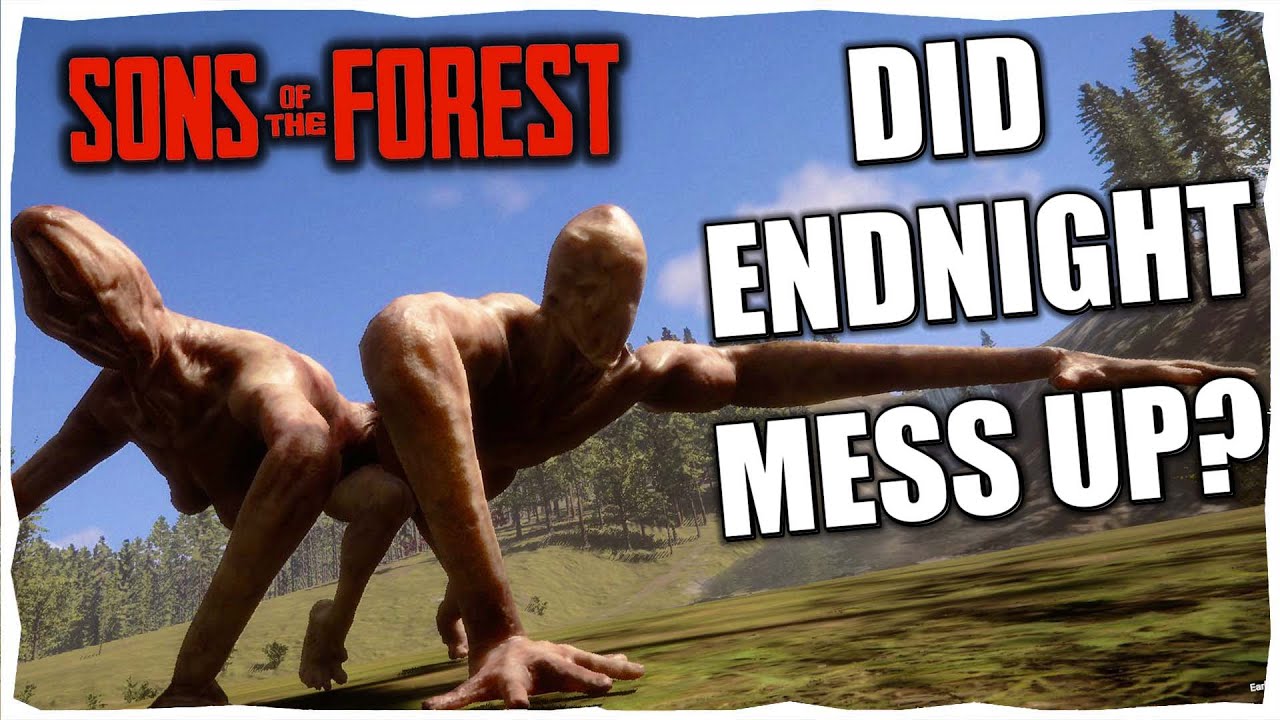 Early Access Review: Sons of the Forest – Destructoid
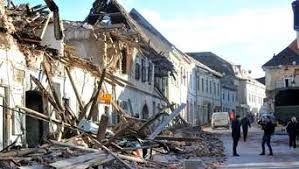 Auf das heftige beben folgte ein erdbebenschwarm, darunter auch weitere stöße über stärke 3. Schwere Erdbeben Erschuttern Kroatien Menschen In Angst Panorama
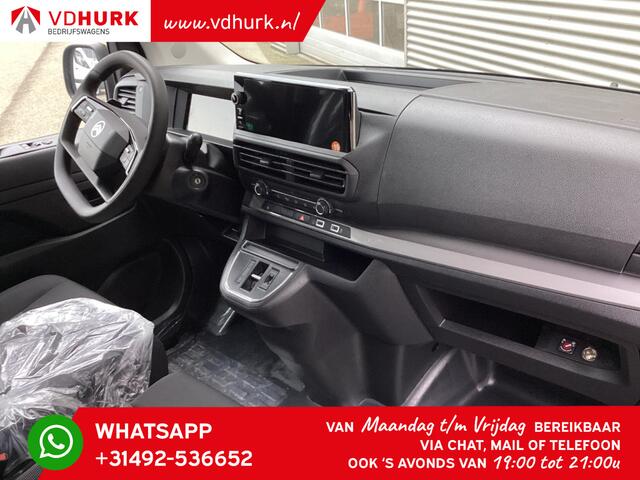Citroen JUMPY 2.0 HDI Aut. 180 pk DC Dubbel Cabine L3 BPM VRIJ! 2x Schuifdeur/ Virtual Cockpit/ Carplay/ Camera/ Navi/ PDC/ Cruise/ Airco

TASK TO CARRY OUT:
In your copy, leave out the pictures and reproduce the material above exactly.

RESPONSE BOX:
 Early Access Review: Sons of the Forest – Destructoid
 Auf das heftige beben folgte ein erdbebenschwarm, darunter auch weitere stöße über stärke 3. Schwere Erdbeben Erschuttern Kroatien Menschen In Angst Panorama
Citroen JUMPY 2.0 HDI Aut. 180 pk DC Dubbel Cabine L3 BPM VRIJ! 2x Schuifdeur/ Virtual Cockpit/ Carplay/ Camera/ Navi/ PDC/ Cruise/ Airco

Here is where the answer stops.